My biggest gripe with the Wikiworld right now is that the tools seem static, and full of jumbled jargon and cryptic G1:CDR type comments that take me longer to find and figure out that it takes to work on a few articles. Better tools would save the community thousands of hours (where is the spell checker which I obviously need!!!) Is there any reason that Open Office couldn't be modified to support WIKI? Unless you are deeply concerned with the trivial, complex articles are a pain to carefully craft, and then someone who doesn't know their head from their ... goes and edits it. Then crafting a balanced reply takes more hours. So someone needs to get the millions of college students out there motivated to fix pages as part of their homework assignments. Luckily I don't teach, so 60 young people are spared the pain of learning this arcane lexicon and learning how you express the math on here. Tmcsheery 03:44, 12 July 2006 (UTC)
[edit] Support
I love this opinion - I feel the exact same way. You should turn it into an essay. - Chardish 00:46, 5 February 2007 (UTC)
[edit] Hmm.
I must say that I respectfully disagree with this idea. There are indeed times that an article is better off deleted rather than cleaned up, but my opinion is that such times are only when an article simply cannot be cleaned up. Otherwise, what's there may be ugly, but it could provide a base upon which to improve. On the other hand, if the page were outright deleted, then the article has no base and it is then even less likely that a good article will later exist at that page, since one has to start from scratch. So I argue that deleting pages needing cleanup makes Wikipedia look better in the short run at the possible expense of the long run. Moreover: is having no article really better than having a poorly-written one that's clearly marked so?

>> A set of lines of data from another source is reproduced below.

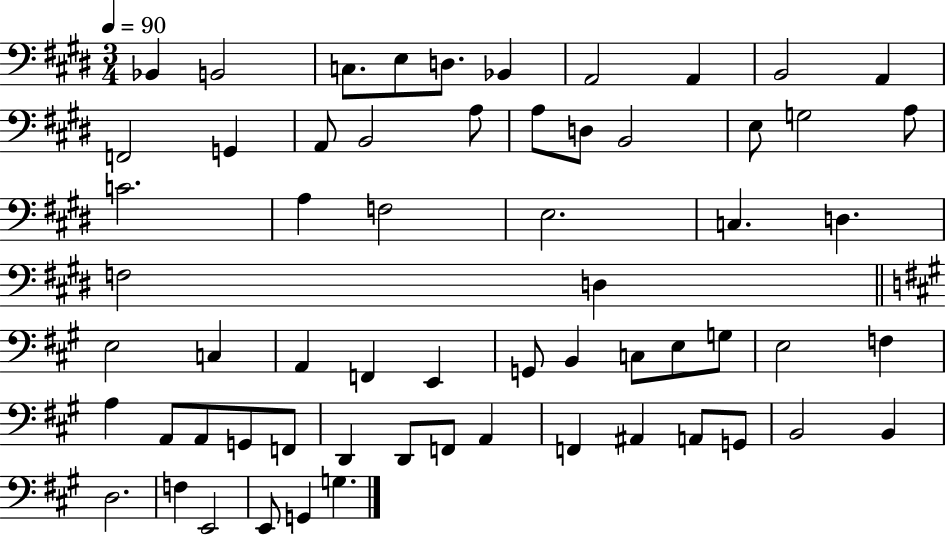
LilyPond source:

{
  \clef bass
  \numericTimeSignature
  \time 3/4
  \key e \major
  \tempo 4 = 90
  \repeat volta 2 { bes,4 b,2 | c8. e8 d8. bes,4 | a,2 a,4 | b,2 a,4 | \break f,2 g,4 | a,8 b,2 a8 | a8 d8 b,2 | e8 g2 a8 | \break c'2. | a4 f2 | e2. | c4. d4. | \break f2 d4 | \bar "||" \break \key a \major e2 c4 | a,4 f,4 e,4 | g,8 b,4 c8 e8 g8 | e2 f4 | \break a4 a,8 a,8 g,8 f,8 | d,4 d,8 f,8 a,4 | f,4 ais,4 a,8 g,8 | b,2 b,4 | \break d2. | f4 e,2 | e,8 g,4 g4. | } \bar "|."
}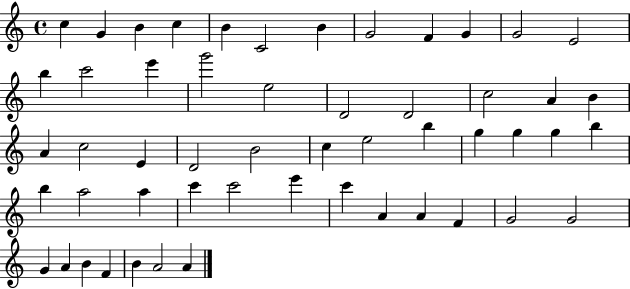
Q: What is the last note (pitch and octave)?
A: A4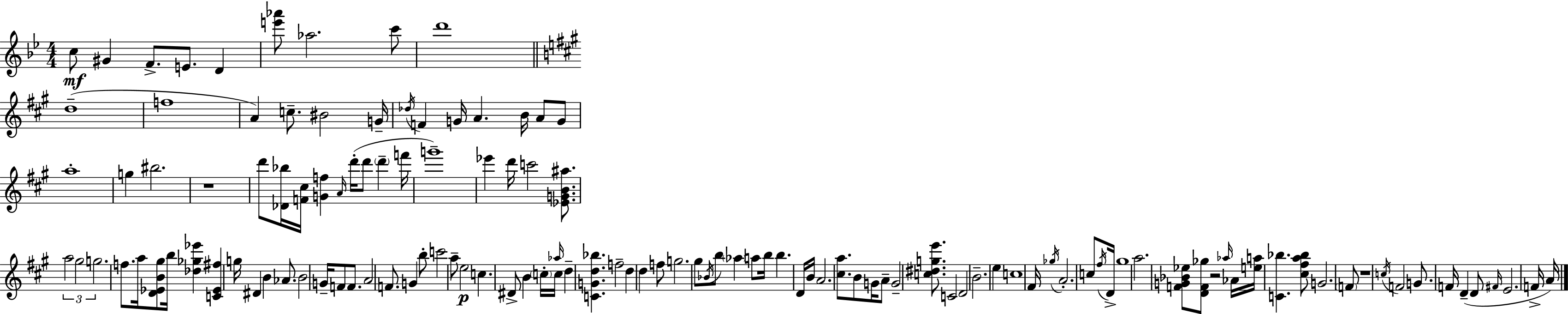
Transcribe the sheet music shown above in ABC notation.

X:1
T:Untitled
M:4/4
L:1/4
K:Bb
c/2 ^G F/2 E/2 D [e'_a']/2 _a2 c'/2 d'4 d4 f4 A c/2 ^B2 G/4 _d/4 F G/4 A B/4 A/2 G/2 a4 g ^b2 z4 d'/2 [_D_b]/4 [F^c]/4 [Gf] A/4 d'/4 d'/2 d' f'/4 g'4 _e' d'/4 c'2 [_EGB^a]/2 a2 ^g2 g2 f/2 a/4 [D_EB^g]/2 b/4 [_d_g_e'] [C_E^f] g/4 ^D B _A/2 B2 G/4 F/2 F/2 A2 F/2 G b/2 c'2 a/2 e2 c ^D/2 B c/4 _a/4 c/4 d [CGd_b] f2 d d f/2 g2 ^g/2 _B/4 b/2 _a a/2 b/4 b D/4 B/4 A2 [^ca]/2 B/2 G/4 A/2 G2 [c^dge']/2 C2 D2 B2 e c4 ^F/4 _g/4 A2 c/2 ^f/4 D/4 ^g4 a2 [FG_B_e]/2 [DF_g]/2 z2 _a/4 _A/4 [ea]/4 [C_b] [^c^fa_b]/2 G2 F/2 z4 c/4 F2 G/2 F/4 D D/2 ^F/4 E2 F/4 A/4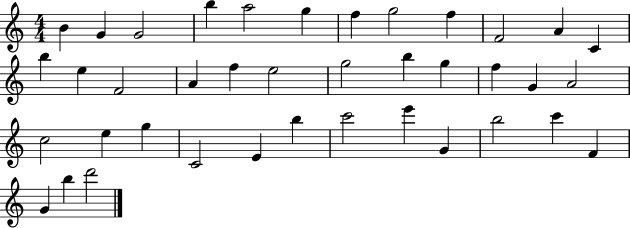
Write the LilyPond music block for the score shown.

{
  \clef treble
  \numericTimeSignature
  \time 4/4
  \key c \major
  b'4 g'4 g'2 | b''4 a''2 g''4 | f''4 g''2 f''4 | f'2 a'4 c'4 | \break b''4 e''4 f'2 | a'4 f''4 e''2 | g''2 b''4 g''4 | f''4 g'4 a'2 | \break c''2 e''4 g''4 | c'2 e'4 b''4 | c'''2 e'''4 g'4 | b''2 c'''4 f'4 | \break g'4 b''4 d'''2 | \bar "|."
}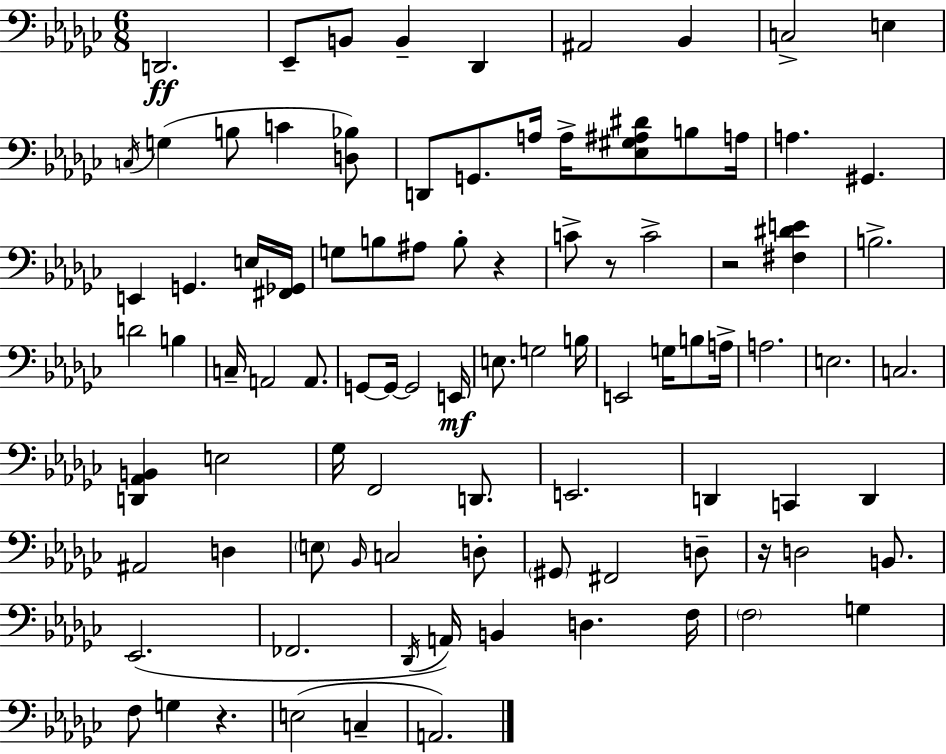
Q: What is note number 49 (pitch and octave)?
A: E3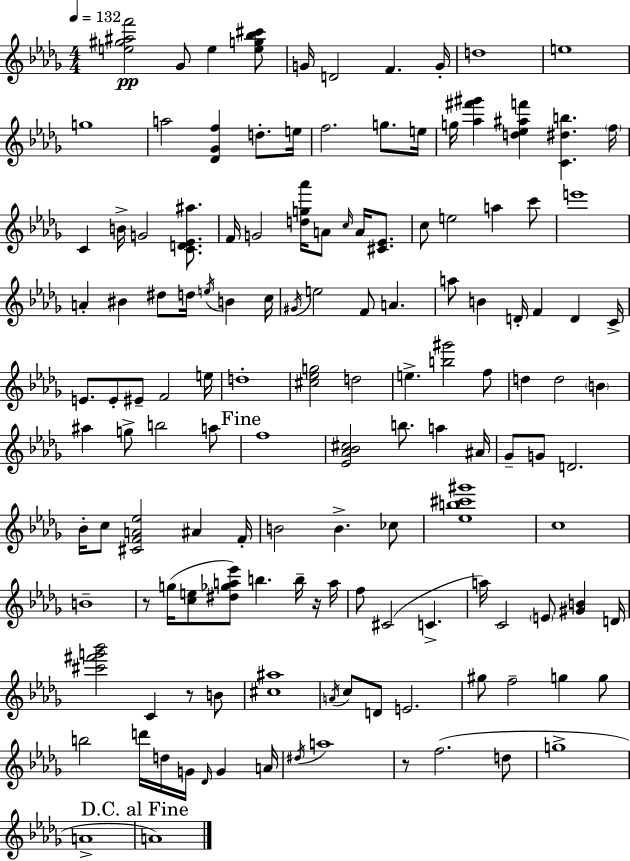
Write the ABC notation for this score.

X:1
T:Untitled
M:4/4
L:1/4
K:Bbm
[e^g^af']2 _G/2 e [eg_b^c']/2 G/4 D2 F G/4 d4 e4 g4 a2 [_D_Gf] d/2 e/4 f2 g/2 e/4 g/4 [_a^f'^g'] [d_e^af'] [C^db] f/4 C B/4 G2 [CD_E^a]/2 F/4 G2 [dg_a']/4 A/2 c/4 A/4 [^C_E]/2 c/2 e2 a c'/2 e'4 A ^B ^d/2 d/4 e/4 B c/4 ^G/4 e2 F/2 A a/2 B D/4 F D C/4 E/2 E/2 ^E/2 F2 e/4 d4 [^c_eg]2 d2 e [b^g']2 f/2 d d2 B ^a g/2 b2 a/2 f4 [_E_A_B^c]2 b/2 a ^A/4 _G/2 G/2 D2 _B/4 c/2 [^CFA_e]2 ^A F/4 B2 B _c/2 [_eb^c'^g']4 c4 B4 z/2 g/4 [ce]/2 [^d_ga_e']/2 b b/4 z/4 a/4 f/2 ^C2 C a/4 C2 E/2 [^GB] D/4 [^c'^f'g'_b']2 C z/2 B/2 [^c^a]4 A/4 c/2 D/2 E2 ^g/2 f2 g g/2 b2 d'/4 d/4 G/4 _D/4 G A/4 ^d/4 a4 z/2 f2 d/2 g4 A4 A4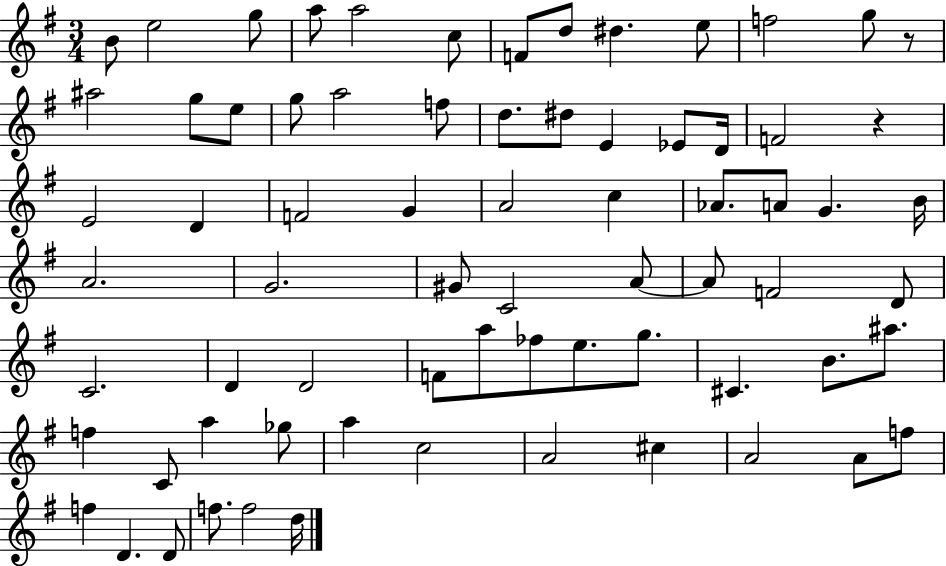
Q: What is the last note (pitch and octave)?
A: D5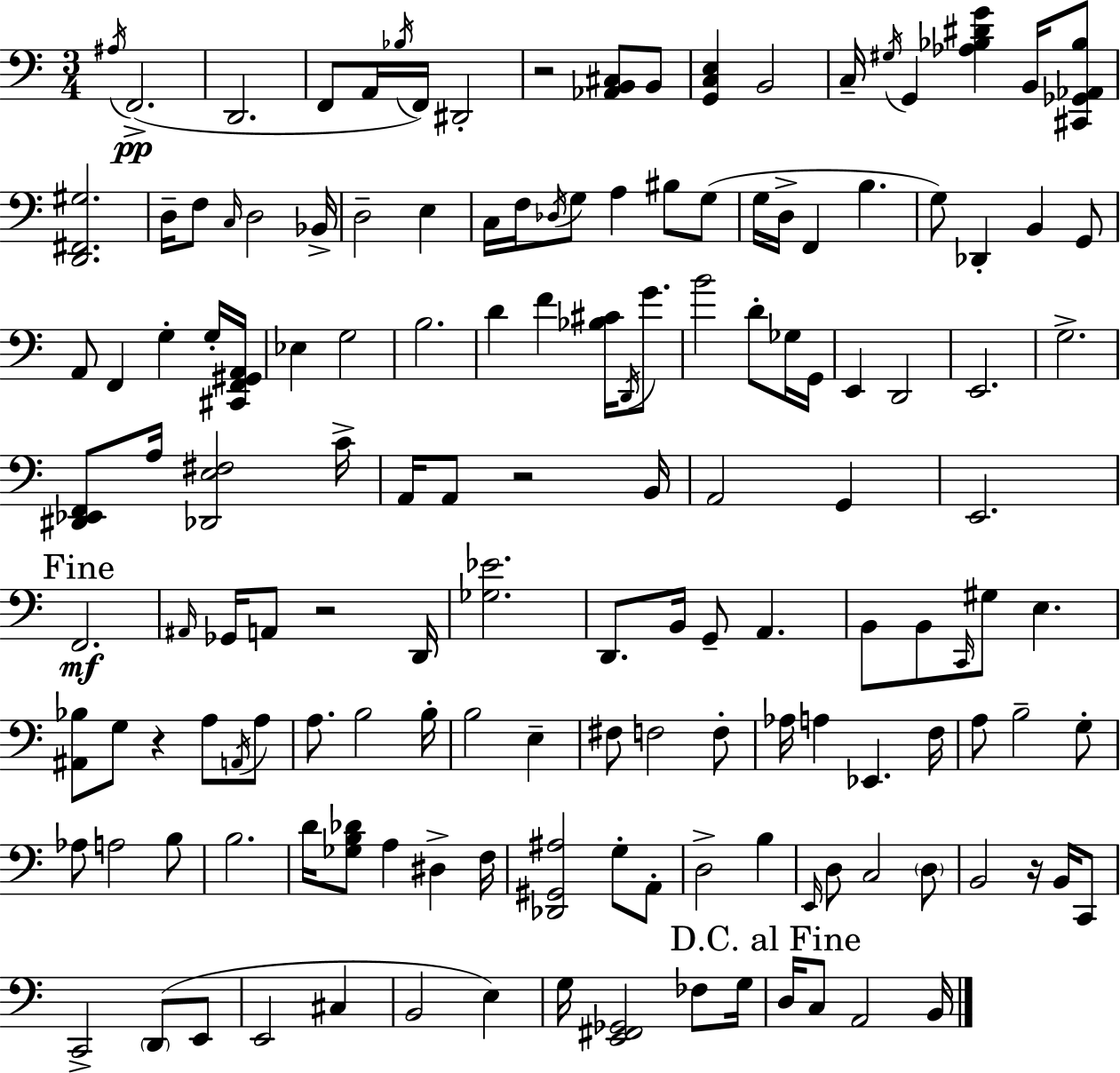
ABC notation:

X:1
T:Untitled
M:3/4
L:1/4
K:C
^A,/4 F,,2 D,,2 F,,/2 A,,/4 _B,/4 F,,/4 ^D,,2 z2 [_A,,B,,^C,]/2 B,,/2 [G,,C,E,] B,,2 C,/4 ^G,/4 G,, [_A,_B,^DG] B,,/4 [^C,,_G,,_A,,_B,]/2 [D,,^F,,^G,]2 D,/4 F,/2 C,/4 D,2 _B,,/4 D,2 E, C,/4 F,/4 _D,/4 G,/2 A, ^B,/2 G,/2 G,/4 D,/4 F,, B, G,/2 _D,, B,, G,,/2 A,,/2 F,, G, G,/4 [^C,,F,,^G,,A,,]/4 _E, G,2 B,2 D F [_B,^C]/4 D,,/4 G/2 B2 D/2 _G,/4 G,,/4 E,, D,,2 E,,2 G,2 [^D,,_E,,F,,]/2 A,/4 [_D,,E,^F,]2 C/4 A,,/4 A,,/2 z2 B,,/4 A,,2 G,, E,,2 F,,2 ^A,,/4 _G,,/4 A,,/2 z2 D,,/4 [_G,_E]2 D,,/2 B,,/4 G,,/2 A,, B,,/2 B,,/2 C,,/4 ^G,/2 E, [^A,,_B,]/2 G,/2 z A,/2 A,,/4 A,/2 A,/2 B,2 B,/4 B,2 E, ^F,/2 F,2 F,/2 _A,/4 A, _E,, F,/4 A,/2 B,2 G,/2 _A,/2 A,2 B,/2 B,2 D/4 [_G,B,_D]/2 A, ^D, F,/4 [_D,,^G,,^A,]2 G,/2 A,,/2 D,2 B, E,,/4 D,/2 C,2 D,/2 B,,2 z/4 B,,/4 C,,/2 C,,2 D,,/2 E,,/2 E,,2 ^C, B,,2 E, G,/4 [E,,^F,,_G,,]2 _F,/2 G,/4 D,/4 C,/2 A,,2 B,,/4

There's little maintenence involved in having them around, except for of course actually cleaning them up (whenever it actually happens), which isn't the sort of maintenance to complain about. :) - furrykef (Talk at me) 19:56, 5 February 2007 (UTC)
[edit] Support
I've seen many AfD nominations where the article is in truly awful shape (POV, OR, EL, COI problems - you name it) and where the debate follows the same old pattern; deletionist editors !vote "Delete" pointing out what a mess it is, and inclusionist editors !vote "Keep And Cleanup", citing arguments ranging from "it isn't doing any harm" to "that's not a valid reason to delete". Interesting variations sometimes occur, such as editors who find external sources verifying notability of the subject, and post them to the AfD, but not to the article. In general, however, the debates tend not to be very interesting once you've seen a few dozen.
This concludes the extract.